Problem description ▸
Starting at the first line of the data and ending at the line with "HMPV Virus Detected", copy each line exactly. Include both of those lines, but no pictures.

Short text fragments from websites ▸
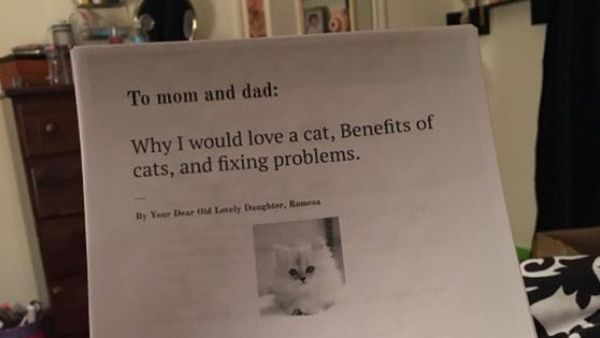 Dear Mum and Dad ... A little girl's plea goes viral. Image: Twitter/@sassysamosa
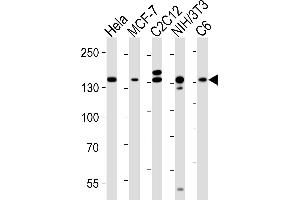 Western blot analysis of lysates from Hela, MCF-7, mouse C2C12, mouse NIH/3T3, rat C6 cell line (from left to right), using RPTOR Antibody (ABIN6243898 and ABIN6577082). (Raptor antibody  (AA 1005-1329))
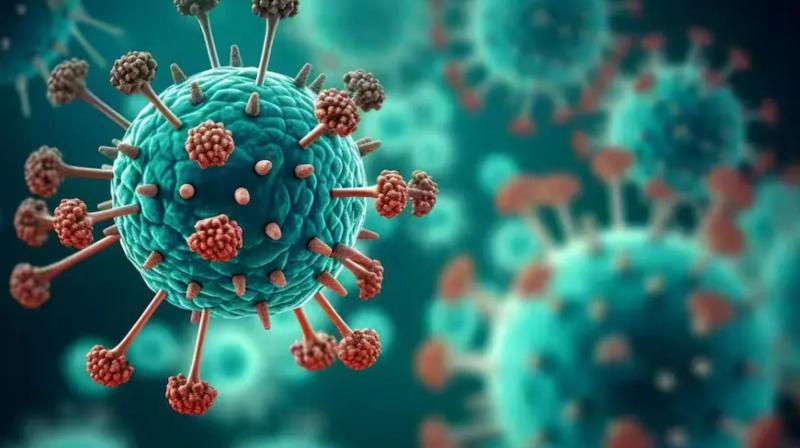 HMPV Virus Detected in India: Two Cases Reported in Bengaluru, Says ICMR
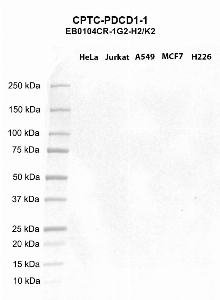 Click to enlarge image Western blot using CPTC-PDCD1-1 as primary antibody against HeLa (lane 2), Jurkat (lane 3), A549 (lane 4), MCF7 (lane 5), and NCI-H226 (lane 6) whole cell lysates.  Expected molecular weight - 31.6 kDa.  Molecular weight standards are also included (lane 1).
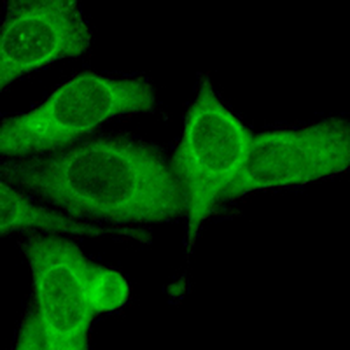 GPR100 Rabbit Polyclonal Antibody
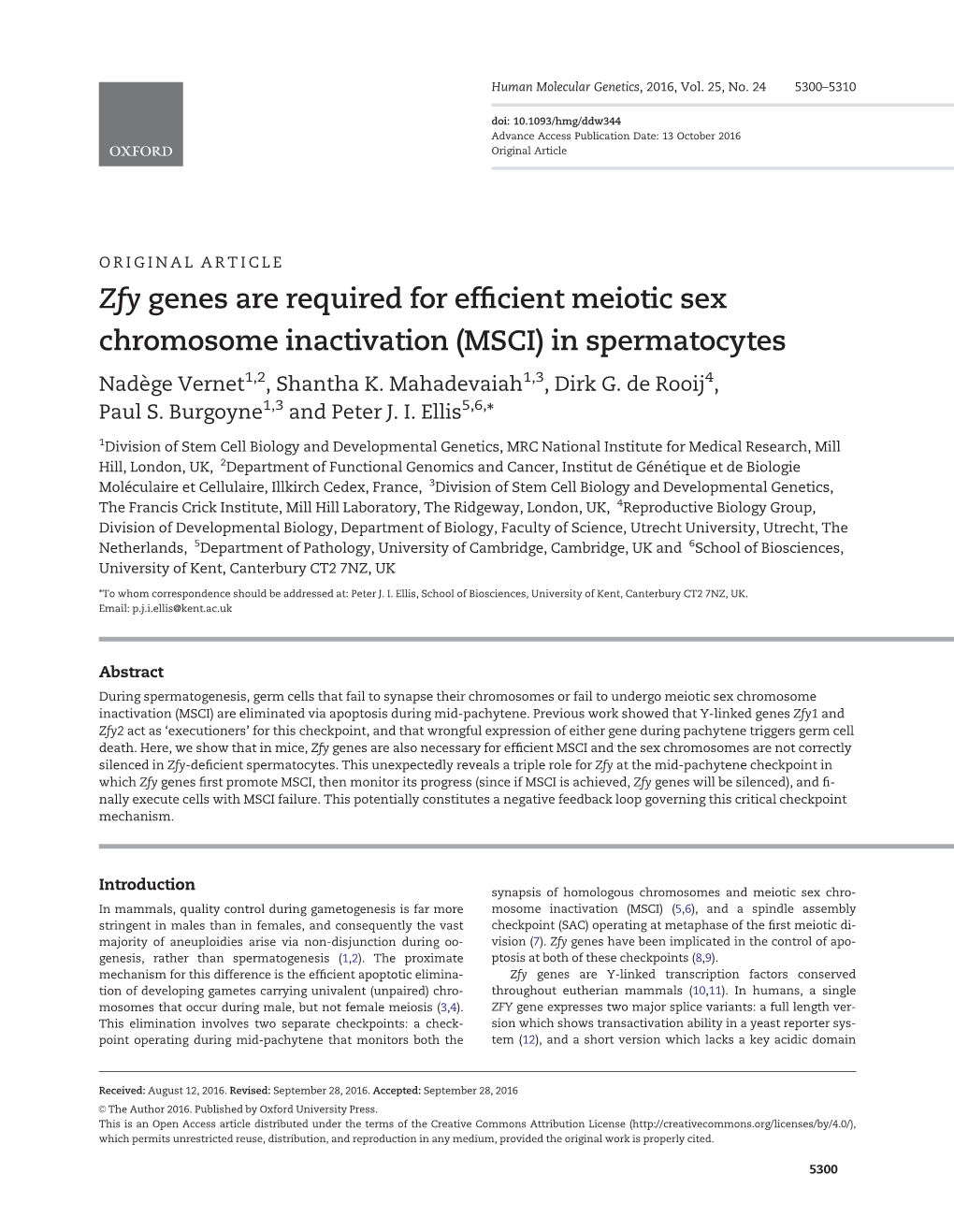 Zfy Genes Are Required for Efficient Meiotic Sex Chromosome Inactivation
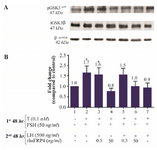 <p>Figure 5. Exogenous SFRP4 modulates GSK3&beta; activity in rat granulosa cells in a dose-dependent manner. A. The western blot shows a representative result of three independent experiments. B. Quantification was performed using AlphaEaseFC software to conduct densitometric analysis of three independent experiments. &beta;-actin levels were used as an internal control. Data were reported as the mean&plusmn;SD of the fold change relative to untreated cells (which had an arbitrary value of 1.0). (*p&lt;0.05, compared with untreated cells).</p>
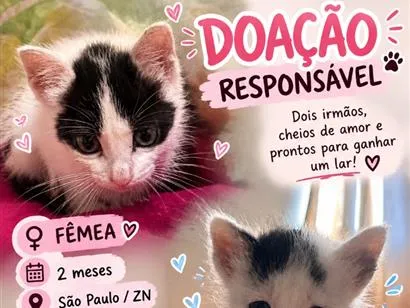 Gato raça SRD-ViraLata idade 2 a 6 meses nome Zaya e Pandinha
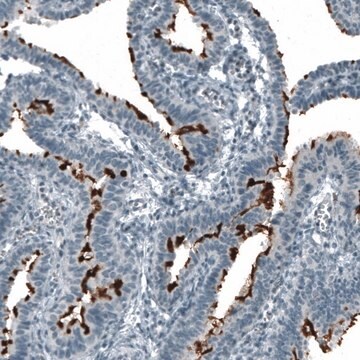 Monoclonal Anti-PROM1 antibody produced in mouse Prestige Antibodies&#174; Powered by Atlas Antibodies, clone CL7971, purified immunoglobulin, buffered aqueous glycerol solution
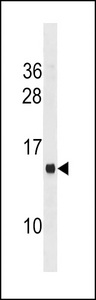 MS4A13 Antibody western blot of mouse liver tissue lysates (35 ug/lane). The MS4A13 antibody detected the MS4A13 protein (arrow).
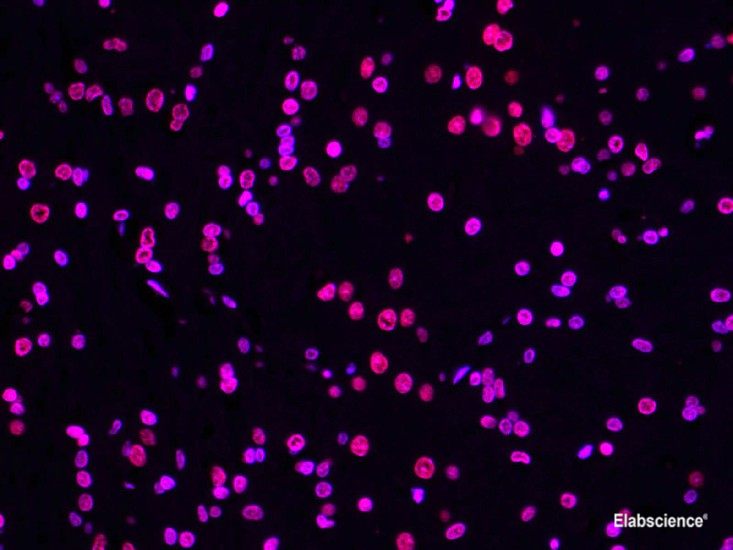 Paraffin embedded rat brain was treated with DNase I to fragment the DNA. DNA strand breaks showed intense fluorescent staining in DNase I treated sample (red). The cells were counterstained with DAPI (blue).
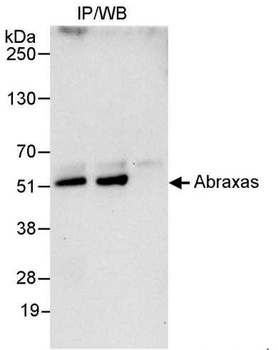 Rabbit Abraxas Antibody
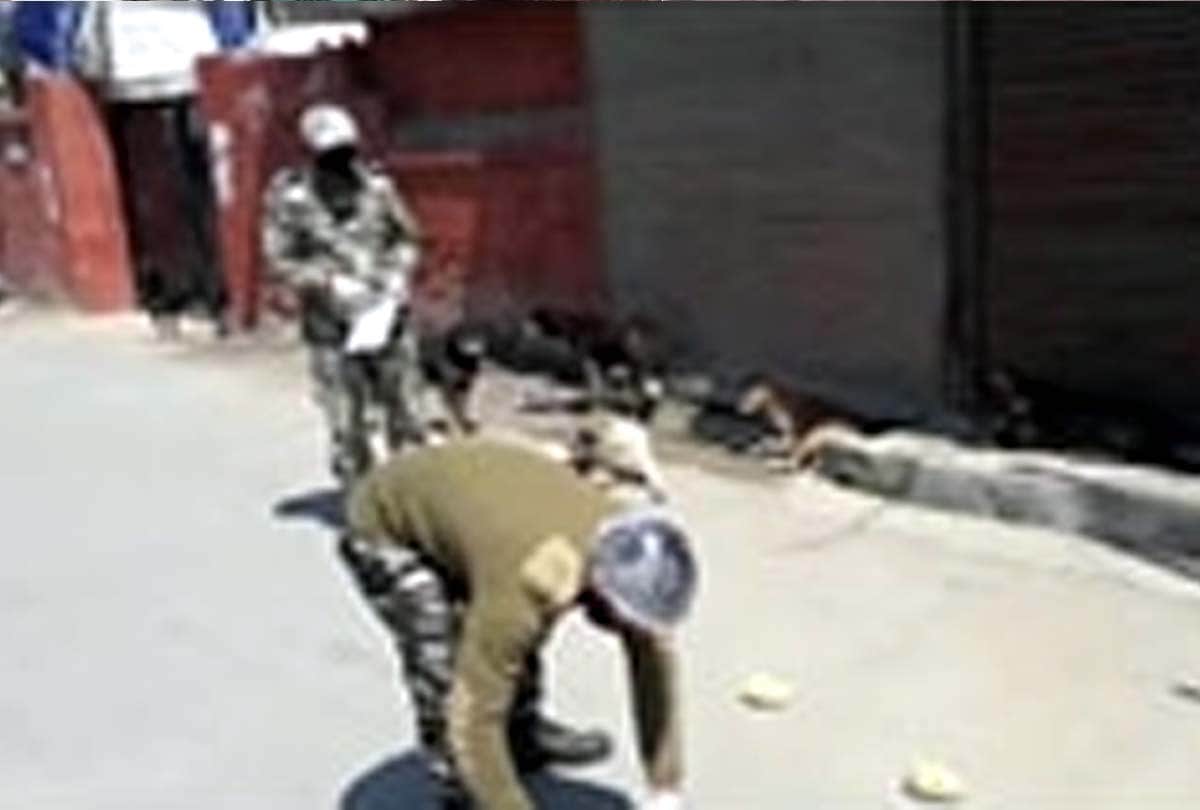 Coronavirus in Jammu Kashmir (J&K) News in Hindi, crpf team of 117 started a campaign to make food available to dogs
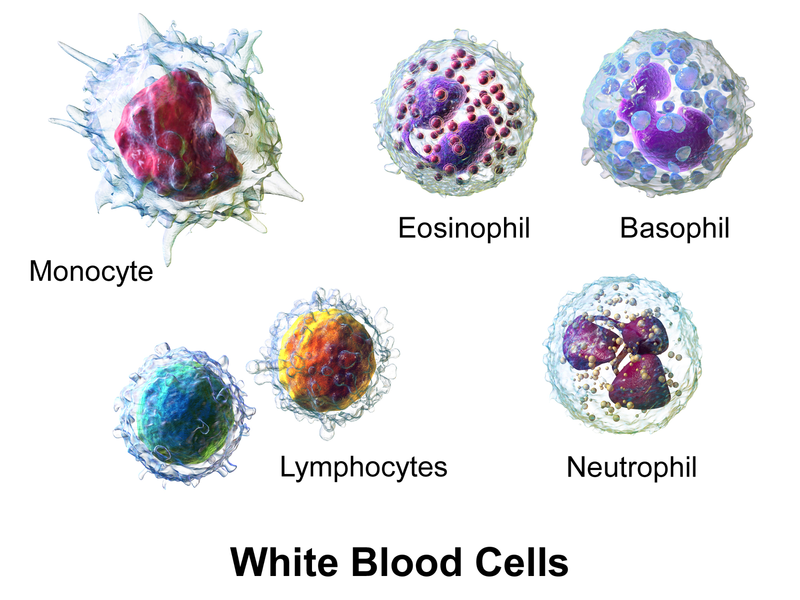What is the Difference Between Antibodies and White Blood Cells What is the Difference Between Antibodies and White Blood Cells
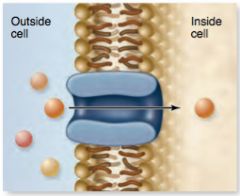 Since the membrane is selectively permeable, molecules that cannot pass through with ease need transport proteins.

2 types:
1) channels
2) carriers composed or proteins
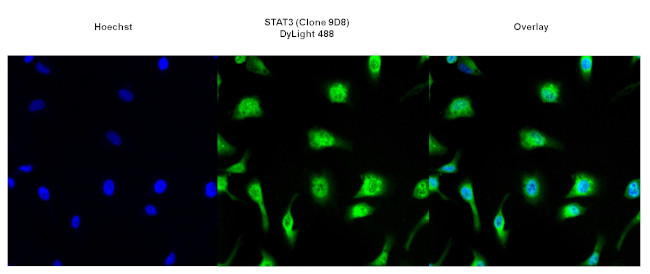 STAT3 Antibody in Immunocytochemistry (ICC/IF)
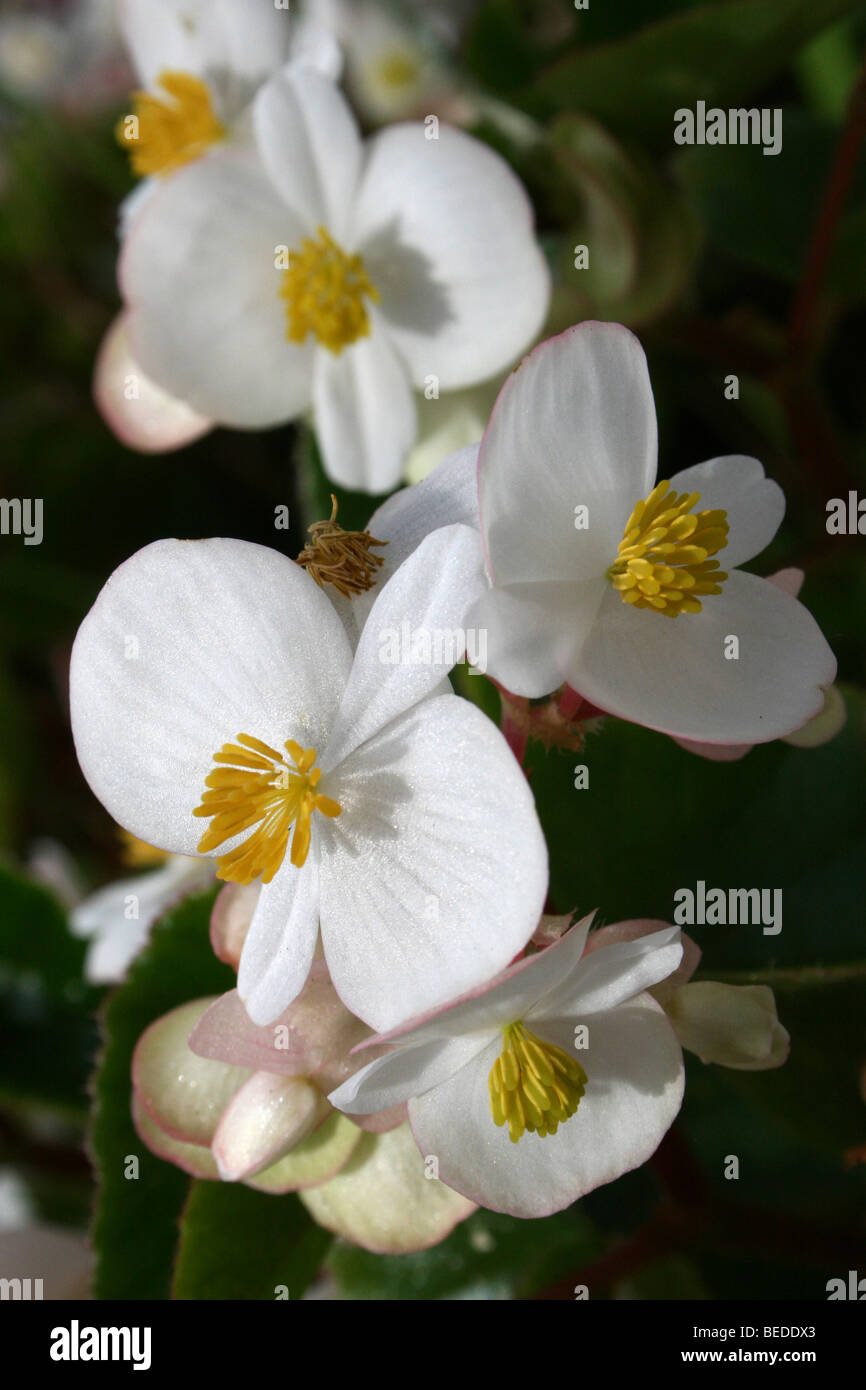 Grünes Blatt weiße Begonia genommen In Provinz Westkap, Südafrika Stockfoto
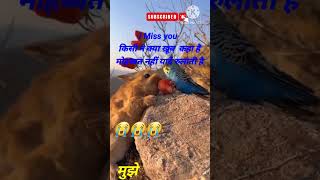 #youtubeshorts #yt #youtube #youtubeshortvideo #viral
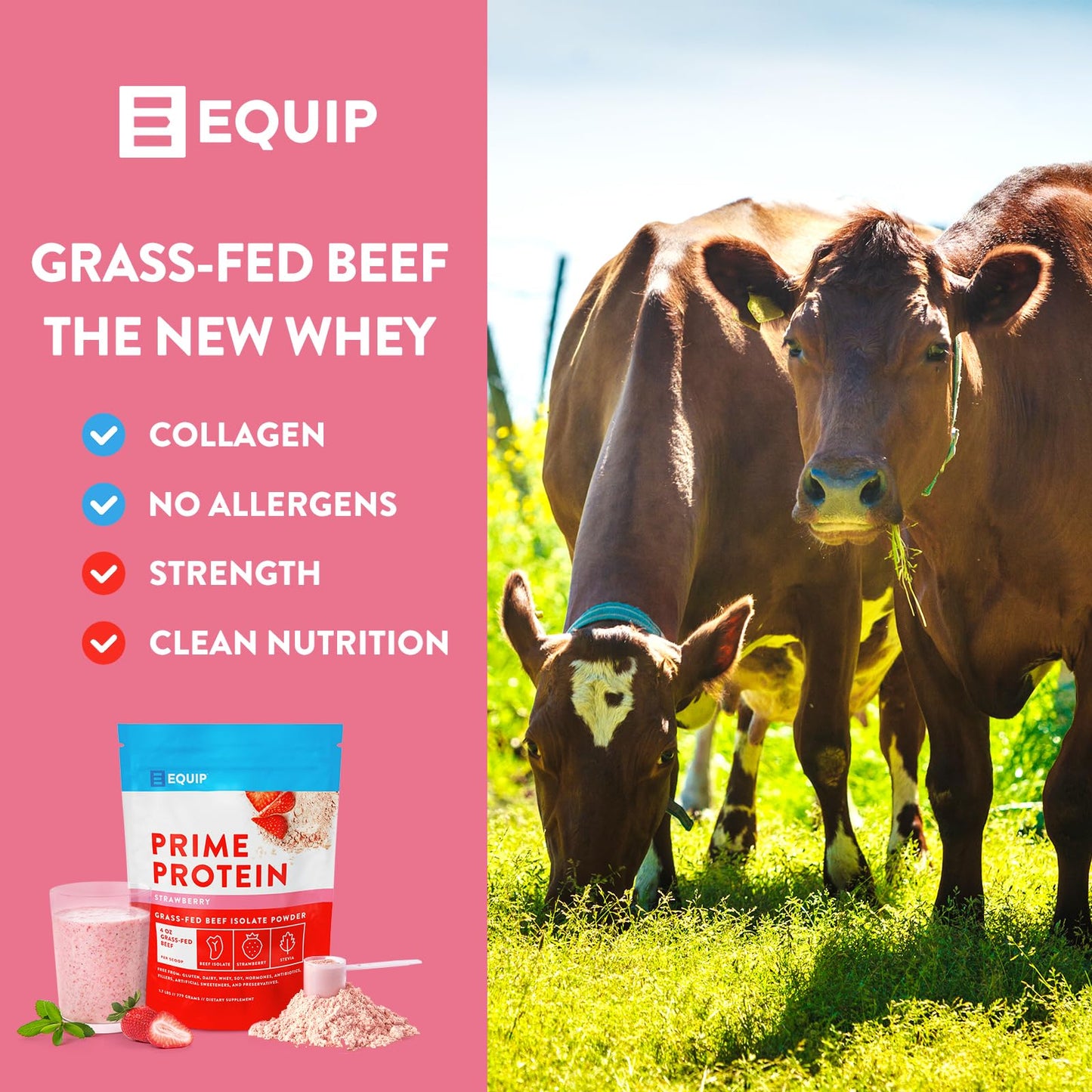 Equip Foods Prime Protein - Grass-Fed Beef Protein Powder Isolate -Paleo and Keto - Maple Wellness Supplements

Result ▸
 Dear Mum and Dad ... A little girl's plea goes viral. Image: Twitter/@sassysamosa
 Western blot analysis of lysates from Hela, MCF-7, mouse C2C12, mouse NIH/3T3, rat C6 cell line (from left to right), using RPTOR Antibody (ABIN6243898 and ABIN6577082). (Raptor antibody  (AA 1005-1329))
 HMPV Virus Detected in India: Two Cases Reported in Bengaluru, Says ICMR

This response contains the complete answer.